In der zweiten Hälfte der Show verändert sich das Bühnenbild. Eine zusätzliche, durchsichtige Leinwand wird vor dem DJ-Pult aufgespannt. Die Visualisierungen wirken nun dreidimensionaler und weniger trashig. Auch die Musik verbessert sich nach der Hälfte der Show deutlich. Statt Dubstep und Trap zeigt DJ Shadow nun seine ganze Bandbreite: Komplexe Breakbeats, wechseln mit sphärischem Triphop und einigen Hiphop-Songs auf denen Gäste wie Nas oder Run The Jewels zu hören sind. Vor allem der Song „Nobody Speak“ mit letztgenanntem Duo bringt die Stimmung im WUK zum Kochen. Gegen Ende zeigen die Visualisierungen zu harter Technomusik noch einmal ihr ganzes Potential. Wer nicht gerade den Hinterkopf einer hochgewachsenen Person vor sich hat, verliert sich in Farben, Formen und hypnotisierenden Beats. Das Publikum entlässt den Künstler mit euphorischem Jubel.
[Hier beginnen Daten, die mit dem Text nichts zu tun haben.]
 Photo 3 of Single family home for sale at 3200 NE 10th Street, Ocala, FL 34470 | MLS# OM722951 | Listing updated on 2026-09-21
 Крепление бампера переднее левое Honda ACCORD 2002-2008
Dj Shadow spielt einen extrem abwechslungsreichen, sprunghaften Querschnitt durch seine mehr als 25-jährige Karriere. Gemeinsamer Nenner sind die hervorragend ausgewählten Samples. Staubtrockene Kicks und schneidende Snaredrums erzeugen vor allem in den komplexeren Beats eine ganz eigene Stimmung. DJ Shadow hat eine Sammlung von mehr als 60.000 Platten und versteht sich gut darauf, die besten Samples zu finden und zu neuen Kunstwerken zu formen. Die Exkursion in Richtung Trap hätte er sich allerdings besser gespart.